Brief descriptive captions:
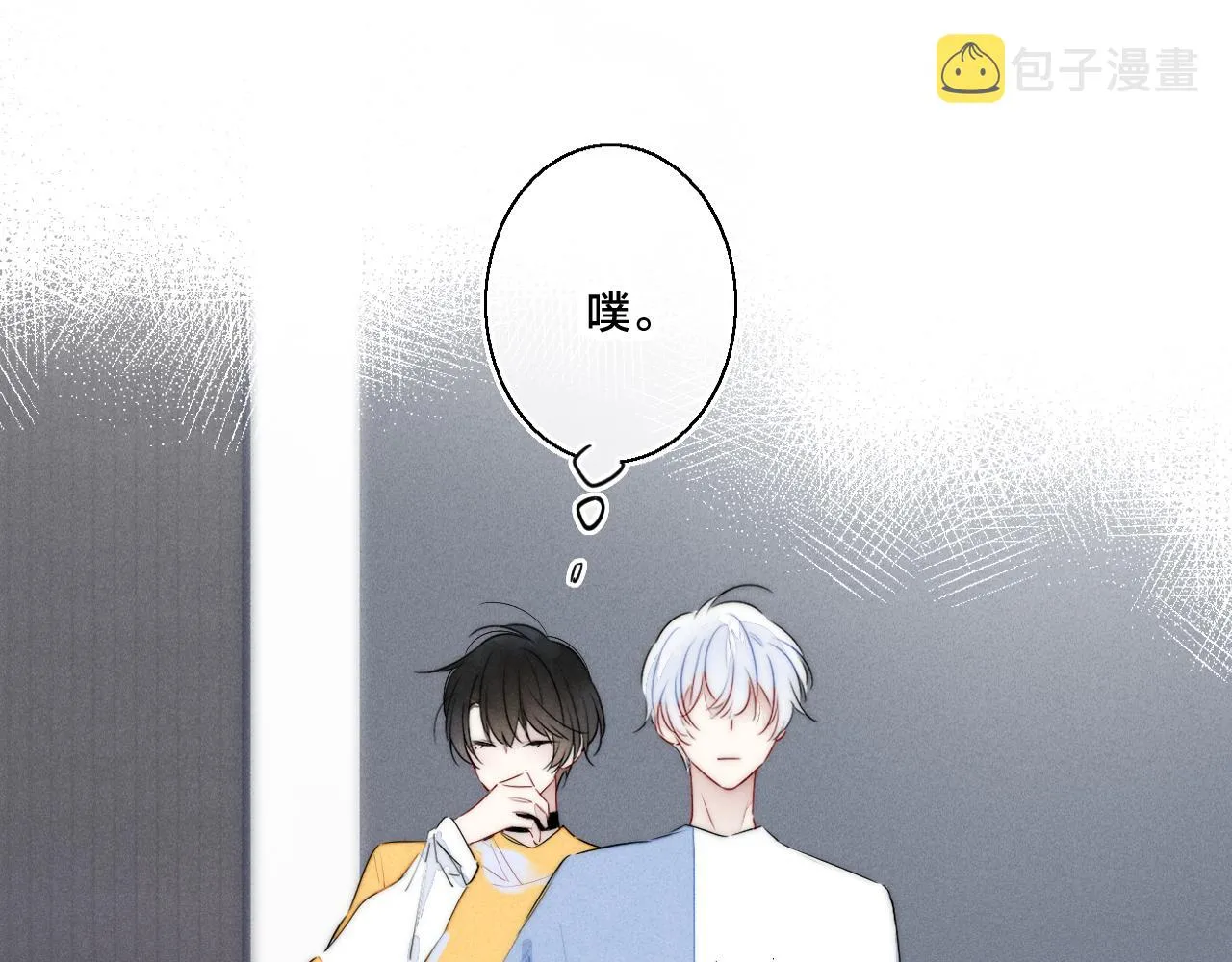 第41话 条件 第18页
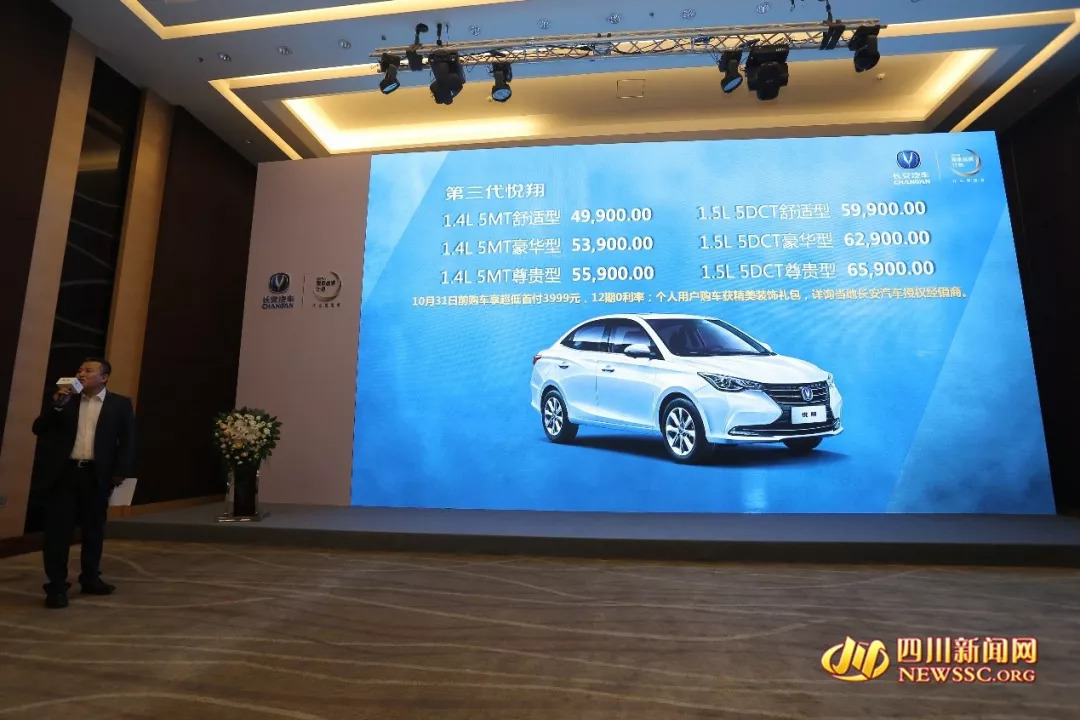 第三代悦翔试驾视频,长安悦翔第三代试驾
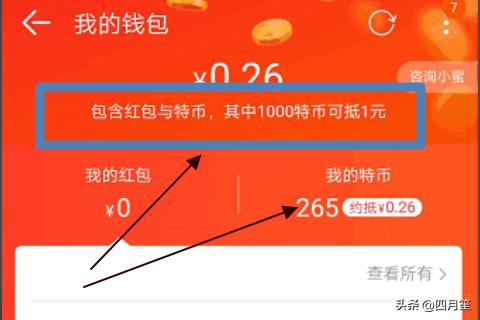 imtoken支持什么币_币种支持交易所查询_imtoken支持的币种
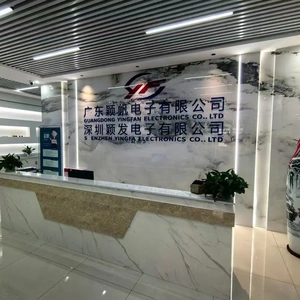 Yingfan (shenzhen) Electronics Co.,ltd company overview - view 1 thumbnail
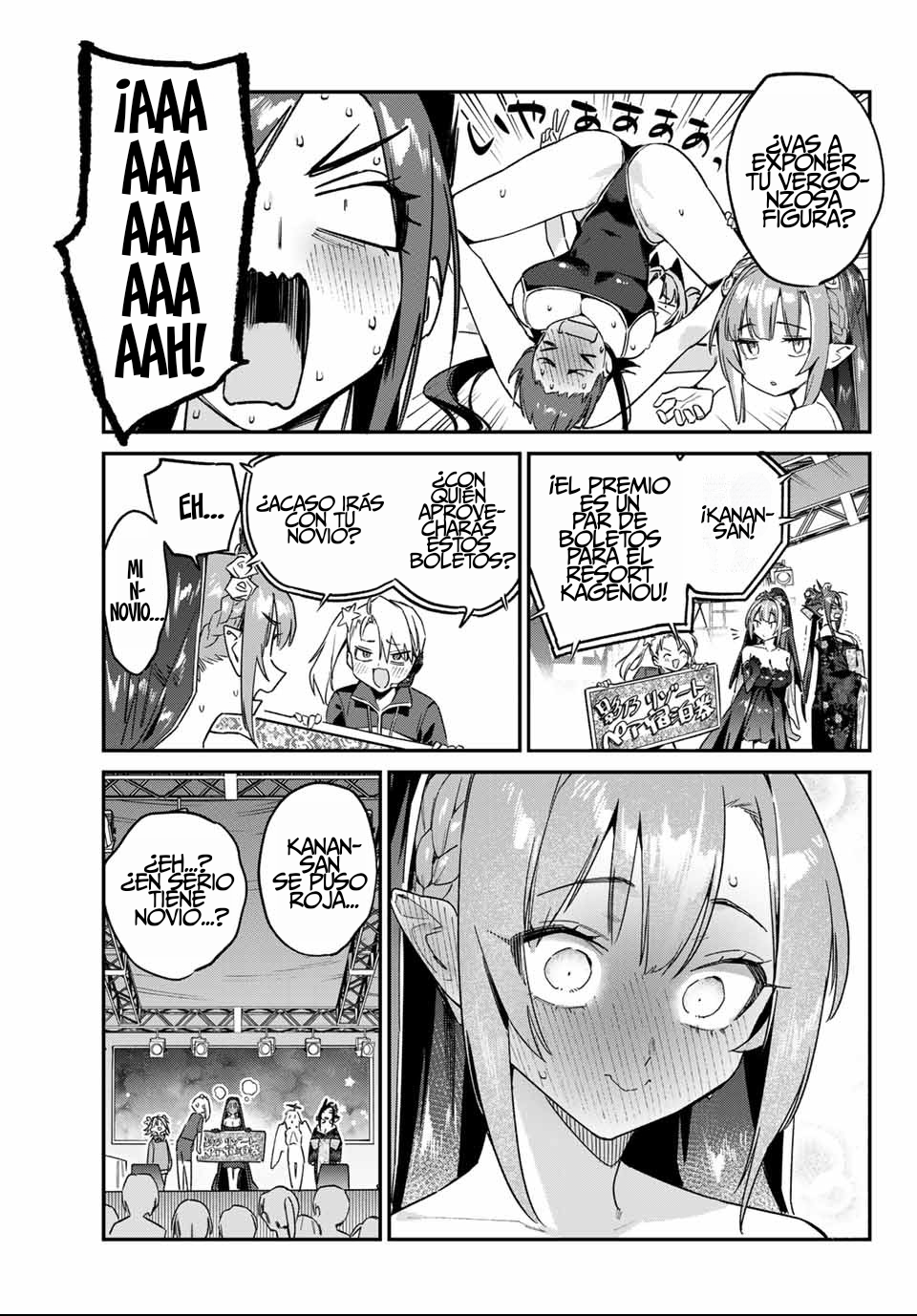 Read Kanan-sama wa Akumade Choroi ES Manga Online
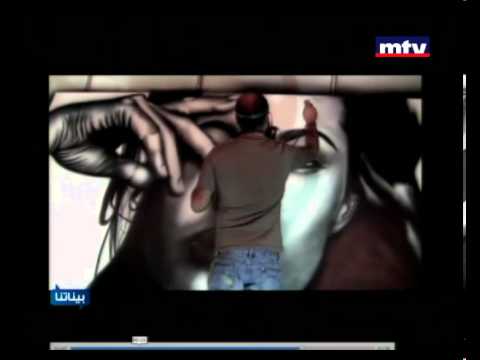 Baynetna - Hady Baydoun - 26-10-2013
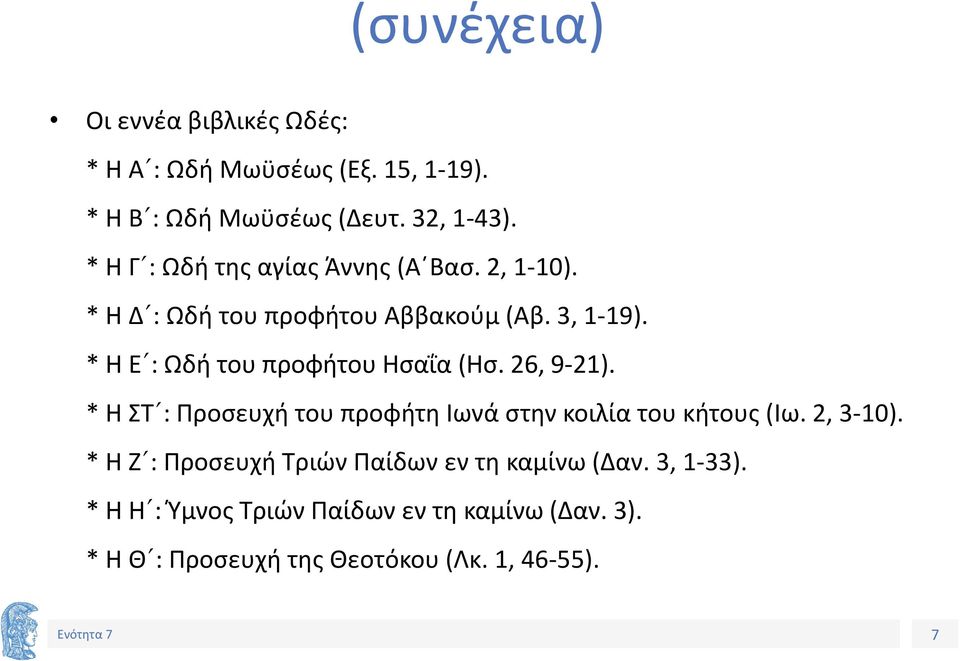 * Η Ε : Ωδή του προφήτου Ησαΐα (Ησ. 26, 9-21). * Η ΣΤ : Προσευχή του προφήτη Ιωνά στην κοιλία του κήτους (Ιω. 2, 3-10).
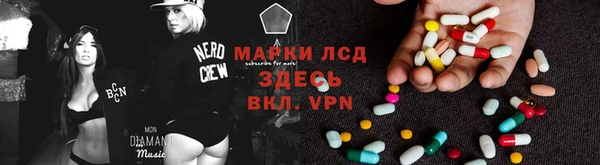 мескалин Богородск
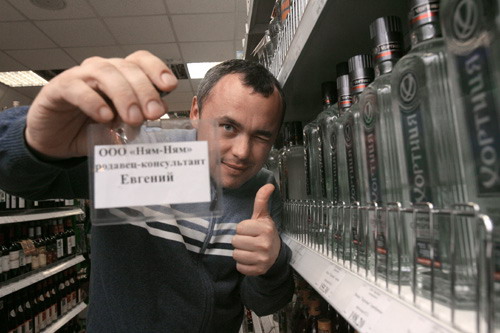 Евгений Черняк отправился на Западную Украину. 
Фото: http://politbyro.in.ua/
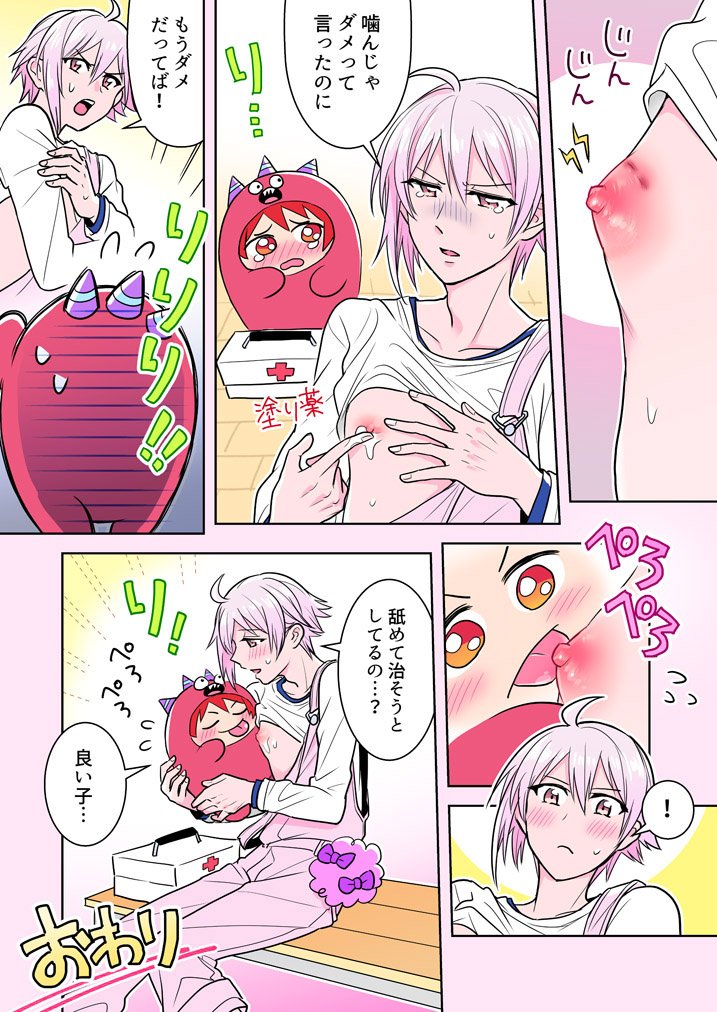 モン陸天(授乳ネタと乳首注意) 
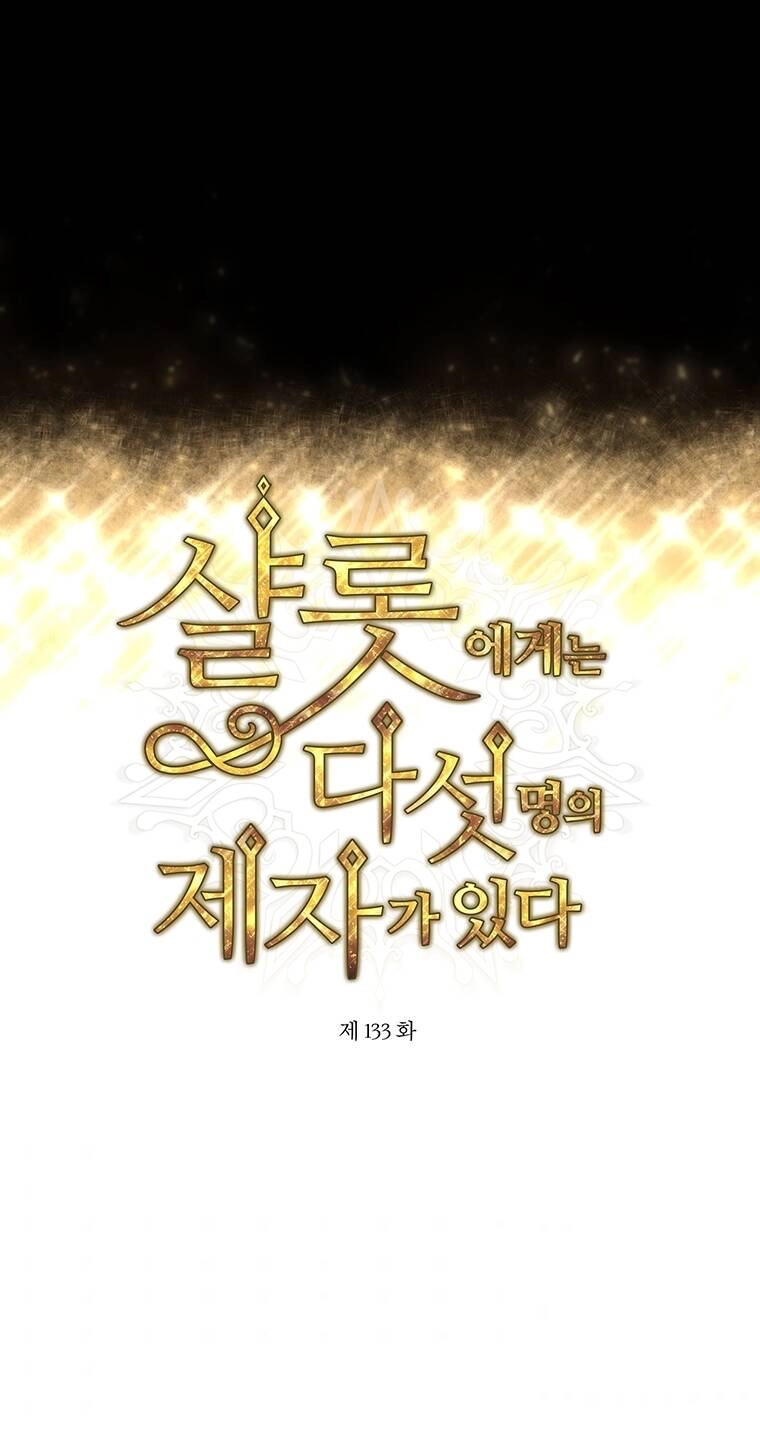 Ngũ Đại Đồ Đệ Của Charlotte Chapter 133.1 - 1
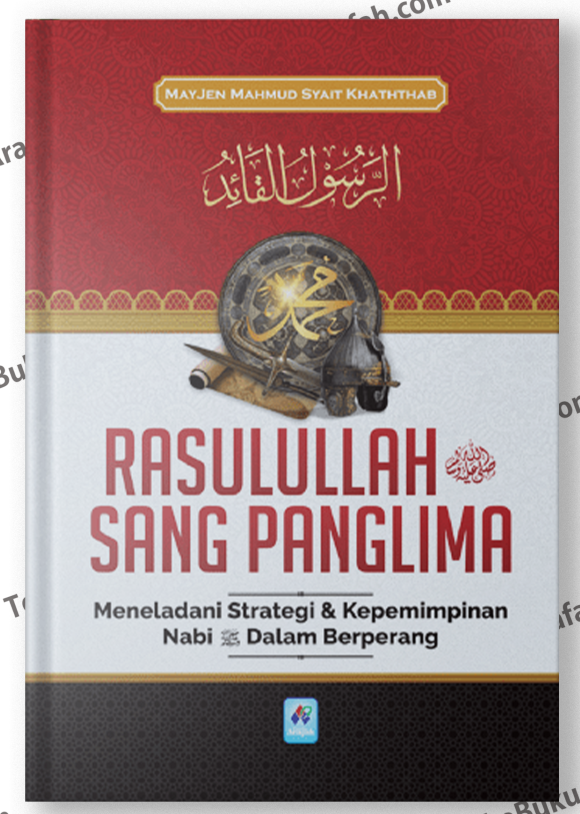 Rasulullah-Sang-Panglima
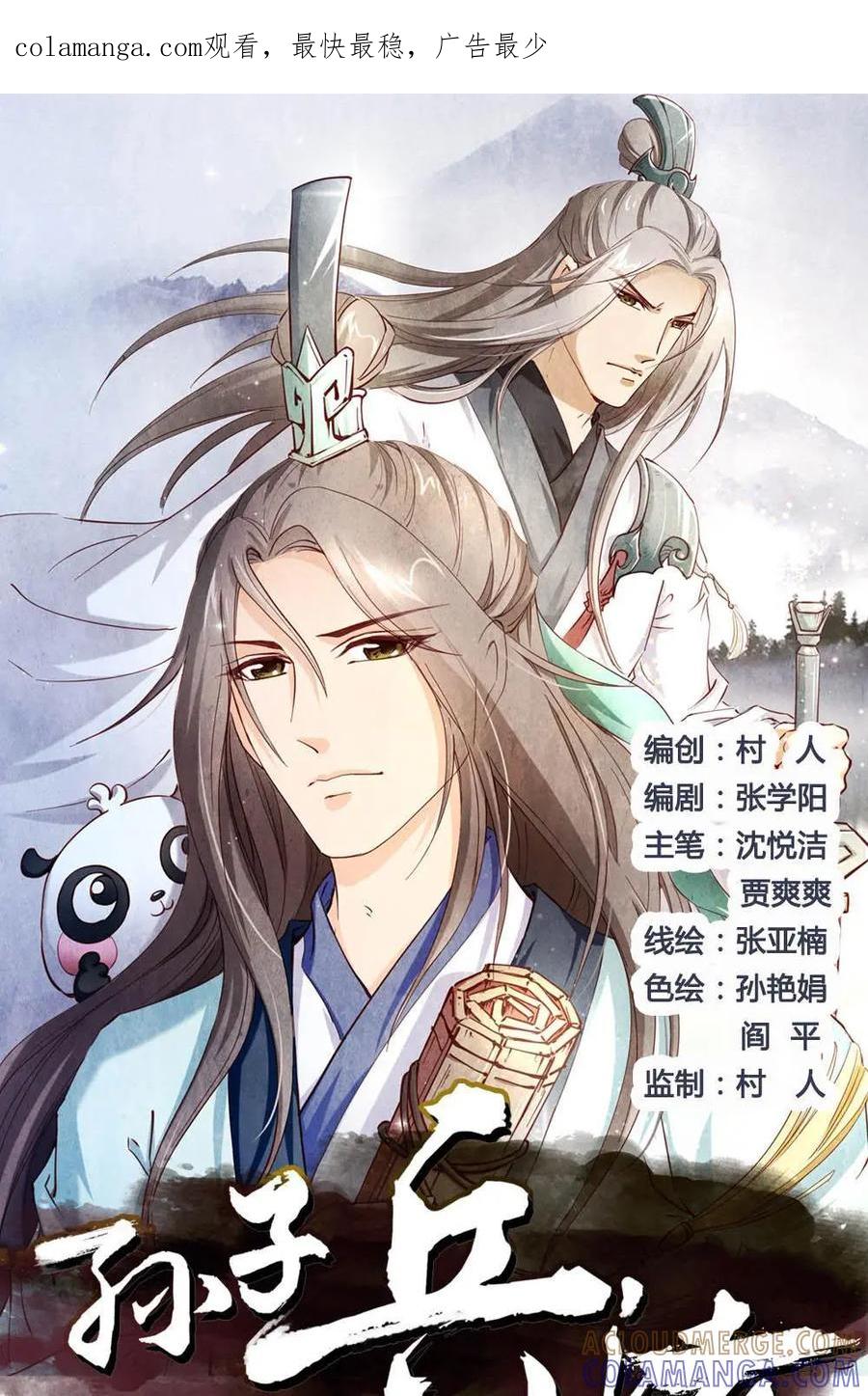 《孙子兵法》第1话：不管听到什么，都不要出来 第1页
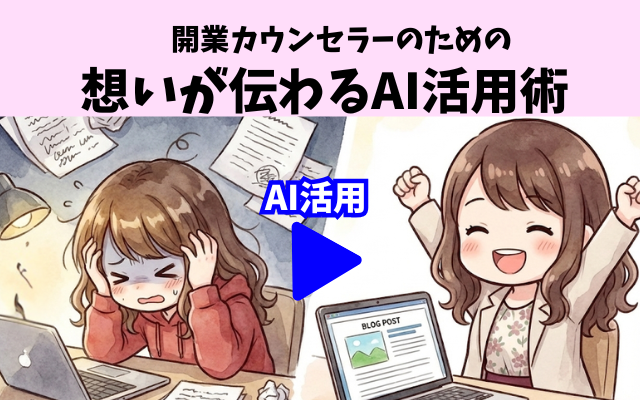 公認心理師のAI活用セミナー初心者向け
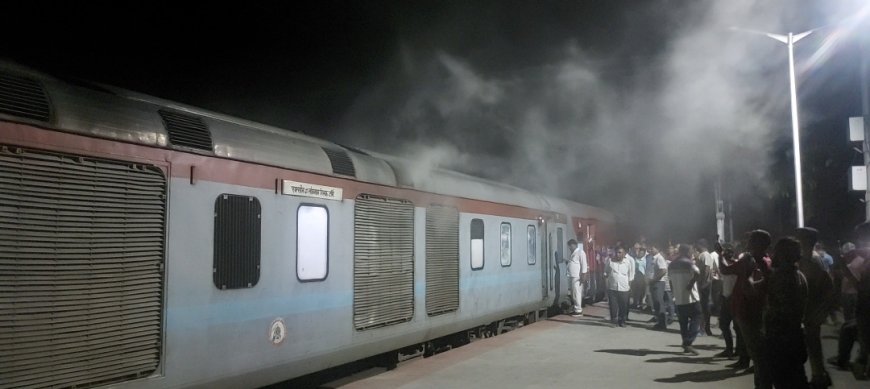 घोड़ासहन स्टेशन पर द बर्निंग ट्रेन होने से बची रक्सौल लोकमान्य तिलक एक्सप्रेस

◆ Your assignment ◆
The lines to restate word for word run from the line that contains "Фото: http://politbyro.in.ua/" through the end of the entries above, both ends included. Leave out all pictures and write nothing else.

◆ Solution below ◆
Фото: http://politbyro.in.ua/
 モン陸天(授乳ネタと乳首注意) 
 Ngũ Đại Đồ Đệ Của Charlotte Chapter 133.1 - 1
 Rasulullah-Sang-Panglima
 《孙子兵法》第1话：不管听到什么，都不要出来 第1页
 公認心理師のAI活用セミナー初心者向け
 घोड़ासहन स्टेशन पर द बर्निंग ट्रेन होने से बची रक्सौल लोकमान्य तिलक एक्सप्रेस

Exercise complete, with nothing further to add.